Electromagnetic radiation refers to a form of linear energy transfer. Visible light is electromagnetic radiation, but is only a small slice of the broad electromagnetic spectrum. The propagation of this radiation, of one or more particles, gives rise to many phenomena such as attenuation, absorption, diffraction and refraction, redshift, interference, echoes, electromagnetic interference and biological effects.

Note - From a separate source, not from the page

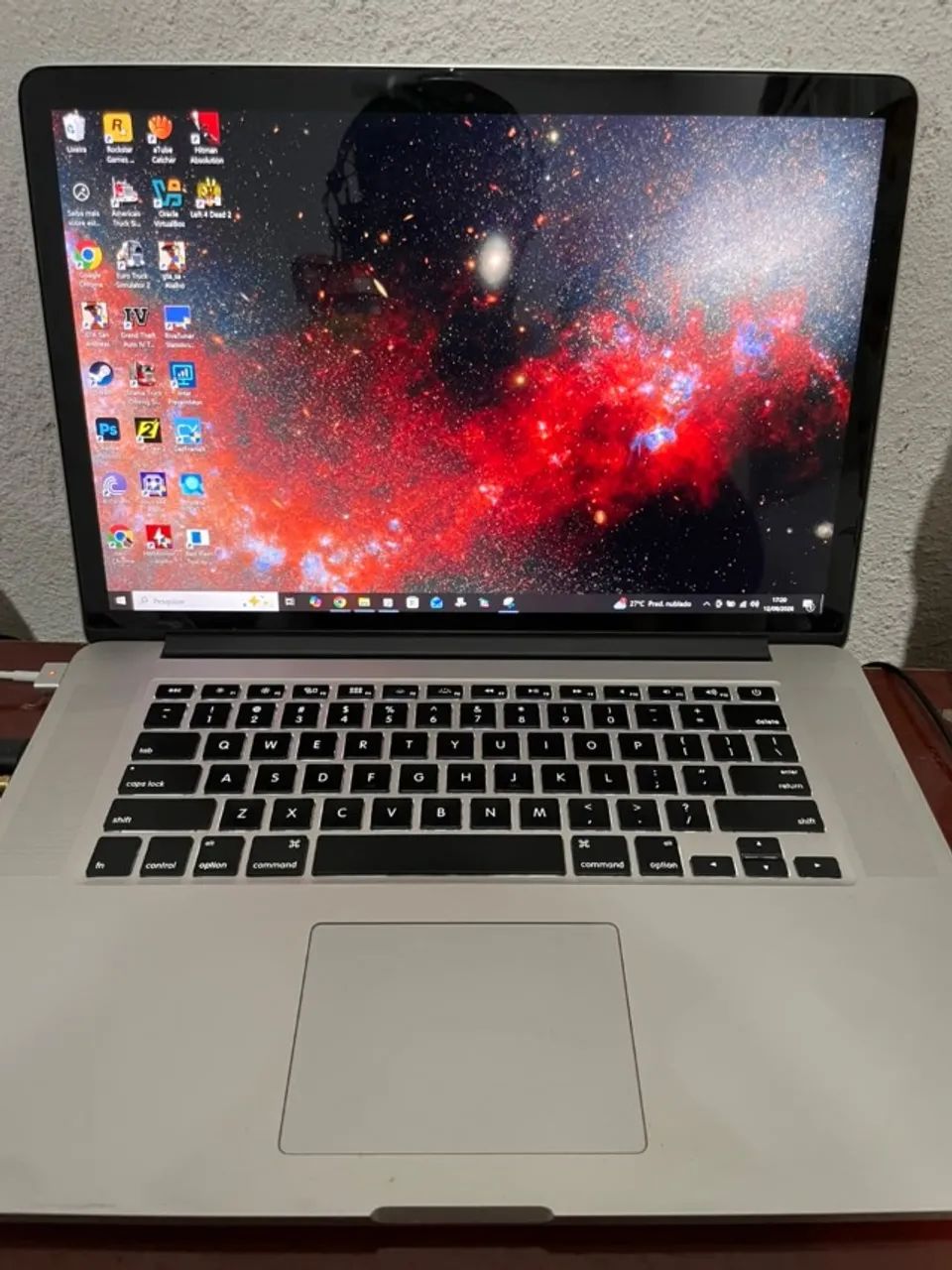 MacBook Pro 2015 i7 GPU AMD 1TB 16GB - Foto 4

Electromagnetic radiation can be described in a corpuscular way as the propagation of photons (boson vector of the electromagnetic interaction), or in a wave way as an electromagnetic wave. It manifests itself in the form of an electric field coupled to a magnetic field.
The electromagnetic wave and the photon
Light refers to electromagnetic radiation visible to the human eye. Radio waves, X rays and γ rays are also electromagnetic radiation.
Due to the wave-particle duality, electromagnetic radiation can be modeled in two complementary ways:
- electromagnetic wave: radiation is the propagation of a variation in electric and magnetic fields; a spectrograph allows this wave to be broken down into monochromatic waves of wavelengths λ and different frequencies ν which can then be analyzed;
- photon: quantum mechanics associates the normal modes of monochromatic electromagnetic radiation with a particle of zero mass and spin 1 called photon whose energy is E = hν where h is Planck’s constant.
The pulse p of the photon is equal to p = E/c = hν/c.
The energy of the photons of an electromagnetic wave is conserved when passing through various transparent media (on the other hand, a certain proportion of photons can be absorbed).
In a vacuum, electromagnetic radiation, and in particular light, travels at a speed of 299,792,458 m/s. This speed, called the speed of light and noted c, is one of the fundamental physical constants.
The wavelength is equal to:
λ = cν/ν
cν being the speed of light in the medium considered for the frequency ν, with cν = c/nν (nν being the refractive index of monochromatic light of frequency ν in the medium considered).
The observation, at the end of the 19th century, that the speed of light in a vacuum does not depend on the frame of reference, led to the development of the special theory of relativity.
- Any body at a temperature above absolute zero, either -273.15 °C or 0 K or -459.67 °F emits electromagnetic radiation called thermal radiation or black body radiation.
- A body that receives electromagnetic radiation can reflect some of it and absorb the rest. The absorbed energy is converted into thermal energy and contributes to the increase of the temperature of this body.
- A charged particle with high energy emits electromagnetic radiation:
- when it is deflected by a magnetic field: it is synchrotron radiation; this synchrotron radiation is used as an X-ray source for many physics and biology experiments (lines of light around a synchrotron);
- when it enters a different environment: it is the “continuous braking radiation”;
- The absorption of a photon can cause atomic transitions, that is to say, to excite an atom whose energy increases by the modification of the orbital of one of its electrons.
- When an excited atom returns to its fundamental energy state, it emits a photon whose energy (and therefore frequency) corresponds to a difference between two energy states of the atom.
- Some electromagnetic radiation carries enough energy to be able to extract electrons from matter, which is then ionizing radiation.
- In the same area of the electromagnetic spectrum, photons are capable of forming electron-hole pairs in semiconductors. By recombining, the electron and the hole emit light (principle of diodes).
- Nuclear reactions, such as those of fission, fusion and decay, are often accompanied by the emission of high-energy photons called γ rays (gamma rays).
An electromagnetic spectrum is the decomposition of electromagnetic radiation according to its wavelength, or, equivalently, its frequency (via the propagation equation) or the energy of its photons.
(Electromagnetic spectrum with visible light highlighted. )
For historical reasons, electromagnetic waves are referred to by different terms, depending on the frequency (or wavelength) ranges. By decreasing wavelength, they are:
- radio waves and radar waves are produced by low frequency electric currents;
- infrared waves, visible light and ultraviolet radiation are produced by electronic transitions in atoms, involving peripheral electrons, as well as by thermal radiation; ultraviolet waves have effects on the skin (tanning, sunburn, skin cancer);
- X-rays can also be produced during high energy electronic transitions. They are, for example, generated by radioactivity (fluorescence photons emitted during the reorganization of the electronic procession of an atom). Their controlled generation is most often carried out by electron braking (X-ray tube) or by synchrotron radiation (deflection of relativistic electron beam). Due to their sub-nanometric wavelength, they allow the study of crystals and molecules by diffraction; hard X-rays correspond to photons of higher energy, and soft X-rays to photons of lower energy;
- γ radiation is produced by radioactivity during the de-excitation of a nucleus. They are therefore emitted in particular by radioactive materials and nuclear reactors. Their energy is therefore on average higher than X photons.